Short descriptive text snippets
┄┄┄┄┄┄┄┄┄┄

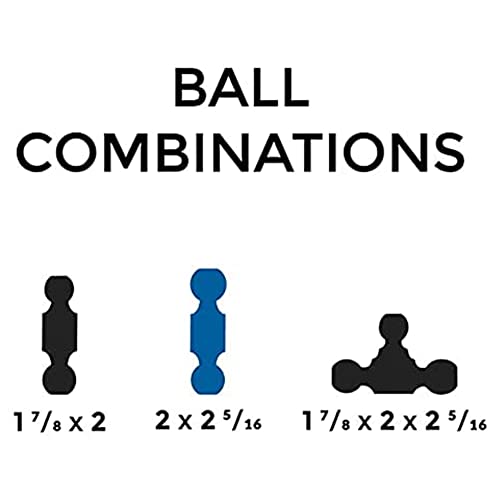 MultiPro Tow & Stow: Dual Ball Hitch Receiver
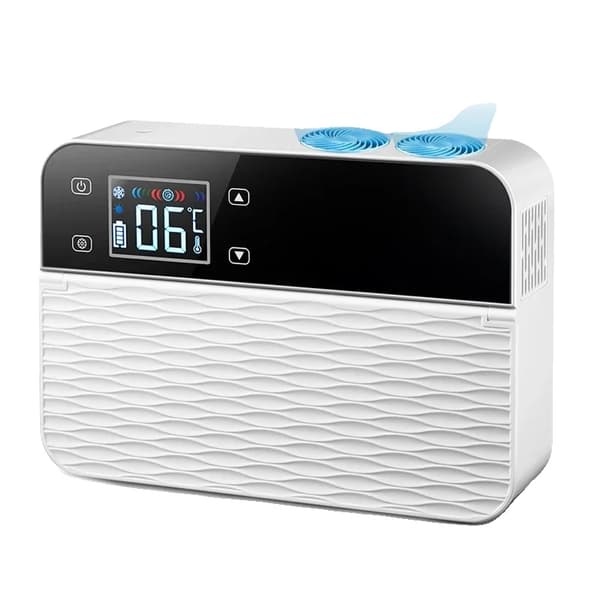 Bärbar Insulinkylare, 10200mAh Batteri, Kyltemperatur 0-18℃,Kylande Vit, 220V EU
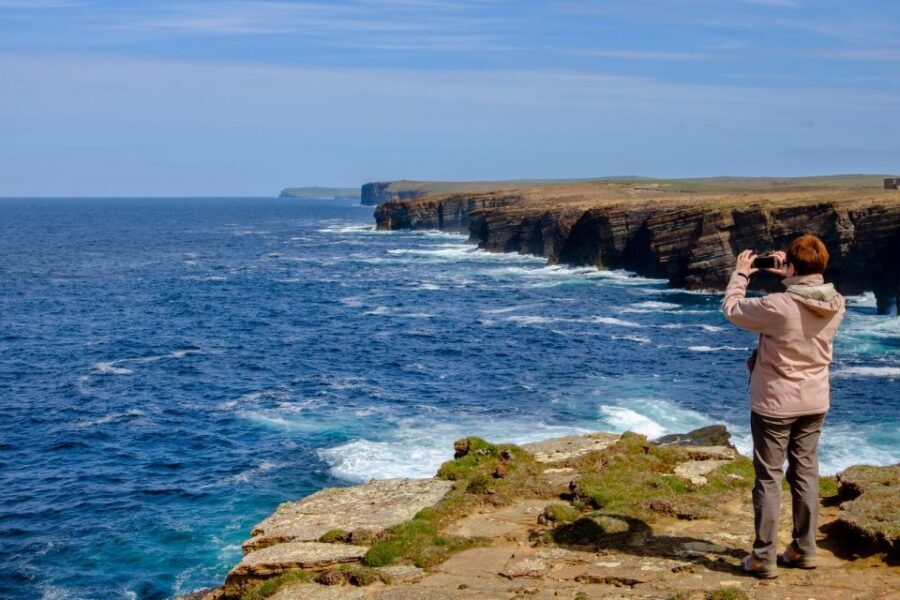 Treasures of Orkney: Private Half-Day Tour from Kirkwall - Yesnaby cliffs: sea stacks, wind, and a short guided hit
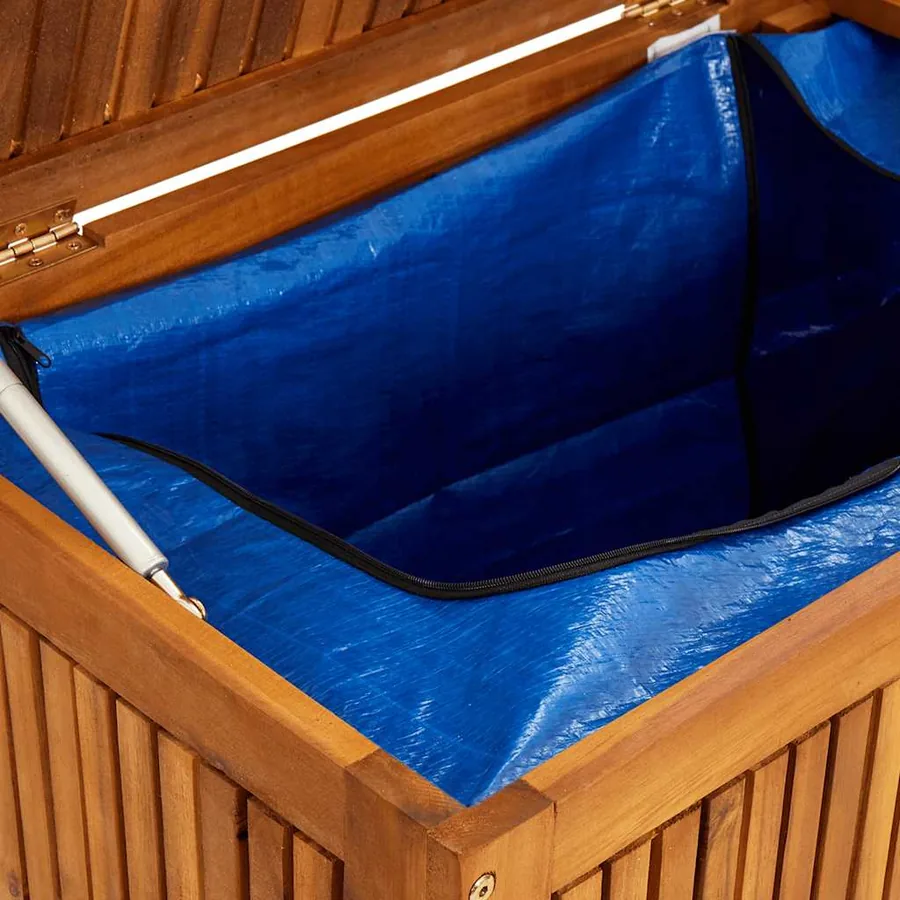 Boîte de rangement de jardin 150x80x75 cm Bois d'acacia solide - 9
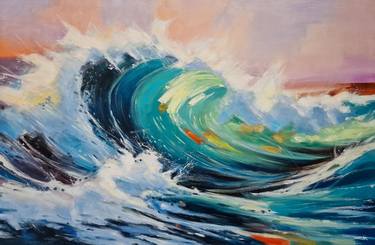 Original Expressionism Seascape Paintings by Conor Kelly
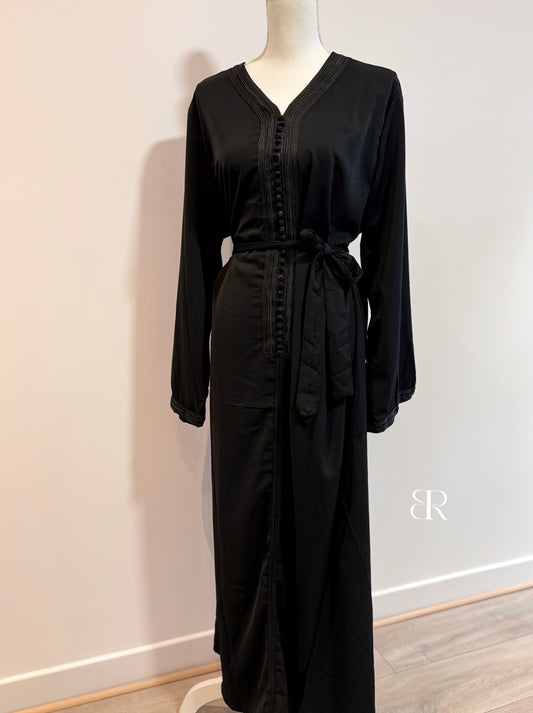 Abaya style caftan noire | #3312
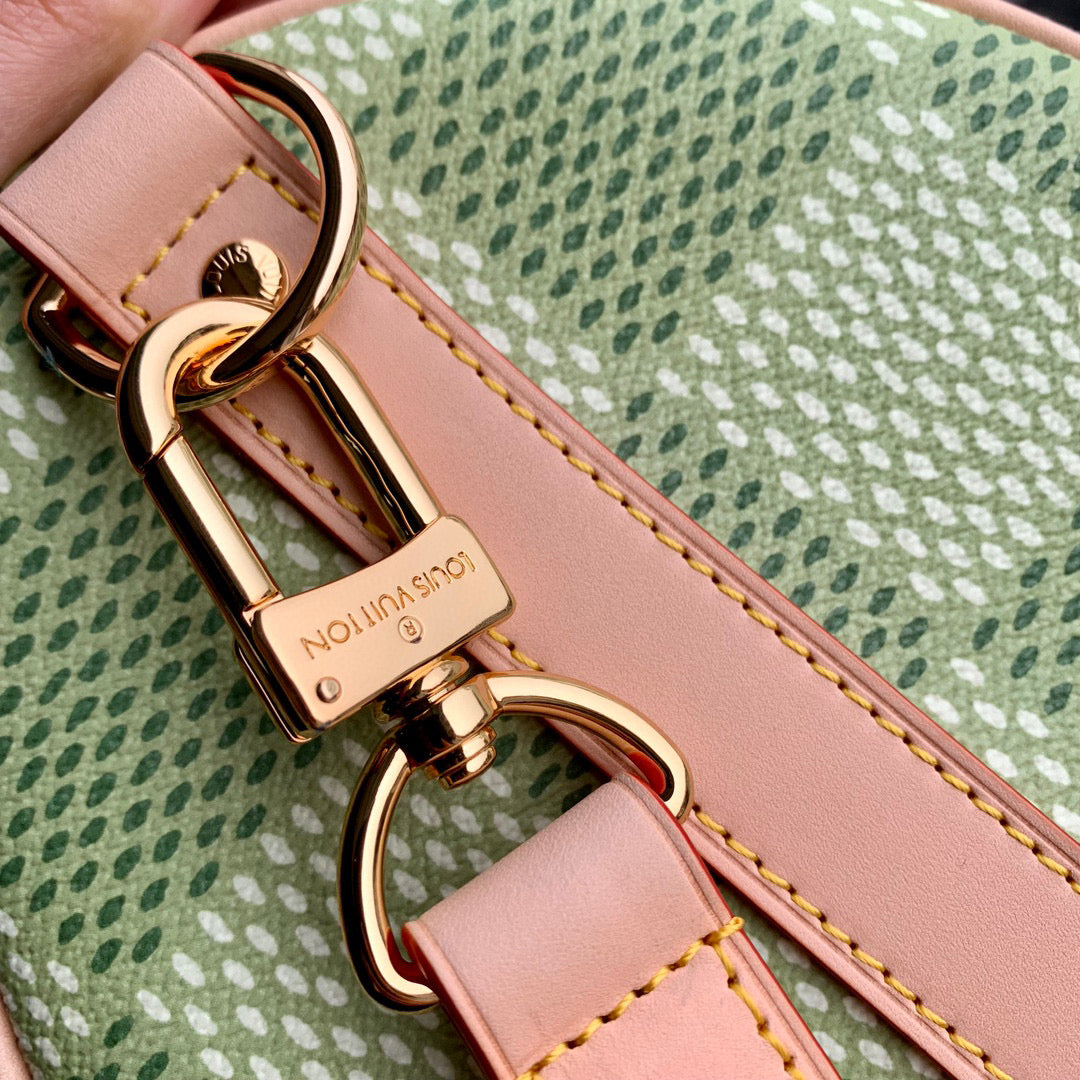 Louis Vuitton Bags- Louis Vuitton Lou Keepall 35 Bag Elegant Everyday Designer Handbag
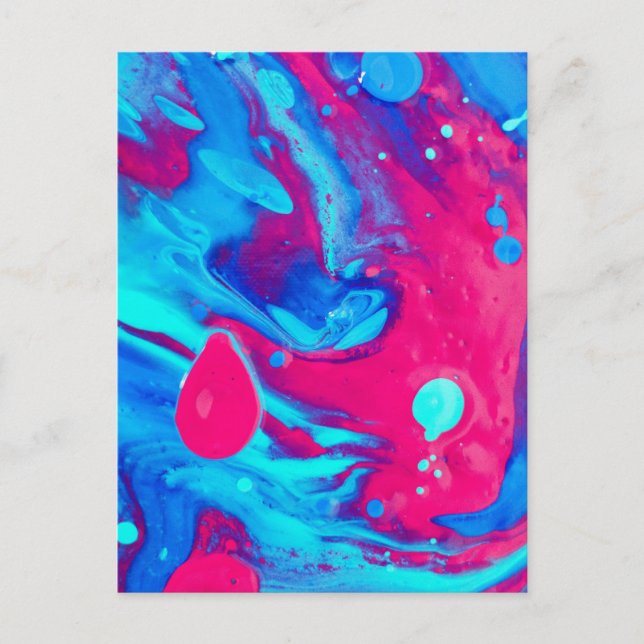 Carte Postale tourbillon d'amour (Devant)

┄┄┄┄┄┄┄┄┄┄

▶ The task:
The expected answer is the data retyped exactly, without pictures.

▶ Worked solution:
 MultiPro Tow & Stow: Dual Ball Hitch Receiver
 Bärbar Insulinkylare, 10200mAh Batteri, Kyltemperatur 0-18℃,Kylande Vit, 220V EU
 Treasures of Orkney: Private Half-Day Tour from Kirkwall - Yesnaby cliffs: sea stacks, wind, and a short guided hit
 Boîte de rangement de jardin 150x80x75 cm Bois d'acacia solide - 9
 Original Expressionism Seascape Paintings by Conor Kelly
 Abaya style caftan noire | #3312
 Louis Vuitton Bags- Louis Vuitton Lou Keepall 35 Bag Elegant Everyday Designer Handbag
 Carte Postale tourbillon d'amour (Devant)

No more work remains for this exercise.